Migros-Genossenschafts-Bund (Migros) is Switzerland’s largest retailer and supermarket chain. Structured in the form of a cooperative society, Migros’ customer loyalty program has over two million participating households, covering almost half of Switzerland’s population. Migros’ subsidiaries cover a wide range of markets, including supermarkets, convenience stores, a health care provider, travel agency, bank, ecommerce business and many others.
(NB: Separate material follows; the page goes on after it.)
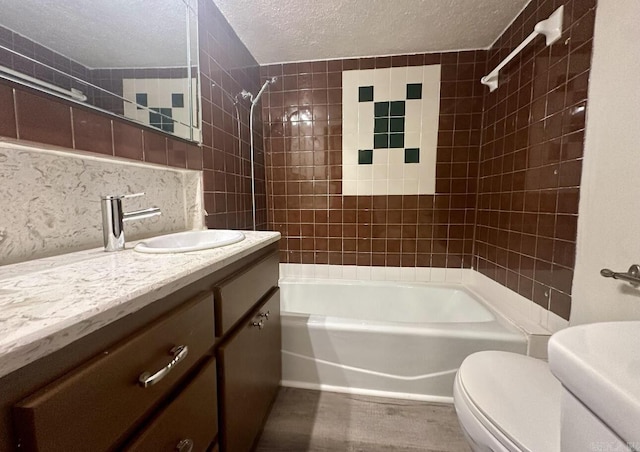 full bath featuring toilet, tub / shower combination, a textured ceiling, vanity, and backsplash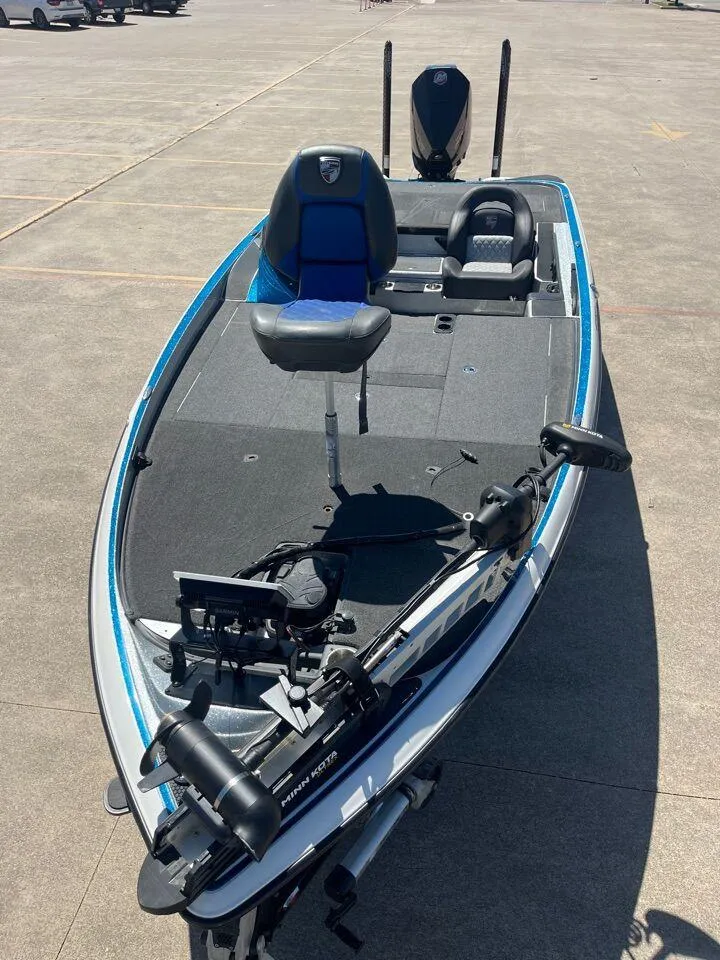 Slide: The Image of 2020 Triton 21 TRXS boat with Garmin navigation system and Minn Kota trolling motor. - 30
More than 90 percent of goods sold in Migros stores are produced by its subsidiaries.
As the largest employer in Switzerland and the operator of Switzerland’s largest customer loyalty program, Migros understands the importance of privacy to their business.
“Privacy is a very important element to us,” said Matthias Glatthaar, Head Data Privacy and Digital at Migros. “Although we have a diverse group of brands, our loyalty program is at our core, and ensuring that we protect our customer’s personal data is vital for the success of that program.”
As a company that has been around for over 95 years, one of the biggest challenges Migros faced with their GDPR implementation was discovering the many ways in which they process data, and finding a way to centralize their approach to privacy.
“We are a legacy company, so we’ve been around for a long time and we have a lot of fractured and decentralized processes,” said Glatthaar. “With our incredibly diverse group of brands we had to decide how we can feasibly approach our GDPR implementation from a group perspective.”
As the largest and most well-known customer loyalty program in Switzerland, three out of every five transactions are done through the program at Migros’ stores. Migros processes their customer’s data and generates it through their loyalty card, allowing them to use that data for personalized coupons and ads. With the core of their data processing activities done through their customer loyalty program, Migros needed a solution to allow them to responsibly use the data of it’s over 2.8 million members, while still remaining compliant with the GDPR and other regulations.